The role of foreign keys:
Maintain data consistency and integrity, primarily to control the storage of data in foreign key tables. Causes the two tables to be associated, the foreign key can only reference the values of the columns in the outside!
For example:
A B two tables
A table contains the customer number, customer name
Table B contains orders for each customer
After the foreign key is available
You can only delete customer x in table A if you are sure that there are no customer x orders in table B
The prerequisite for establishing a foreign key is that the column in this table must be the same as the foreign key type (the foreign key must be the outer primary key).

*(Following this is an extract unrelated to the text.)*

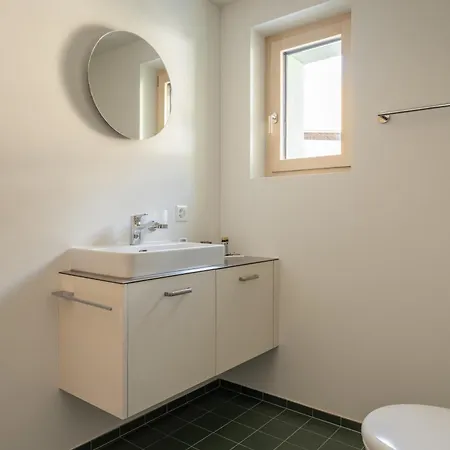 Speluca Brauerei & Genusshotel - Self-check-in * Splugen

Specify PRIMARY KEY Keywords: foreign key (column name)
Referencing foreign key keywords: references < foreign key table name > (foreign key column name)
Event Trigger restrictions: On delete and on update, to set parameter cascade (following foreign key changes), restrict (Restrict foreign key changes in the surface), set NULL (set NULL value), set default (set default), [Default]no action
For example:
Outtable table primary key ID type int
To create a table containing foreign keys:
CREATE TABLE Temp (
ID int,
Name Char (20),
FOREIGN key (ID) references outtable (ID) on DELETE cascade on UPDATE cascade);
Description: Set the ID column as a foreign key reference to the outer outtable ID column when the value of the foreign key deletes the corresponding column in this table screen except when the value of the foreign key changes the corresponding column value in this table.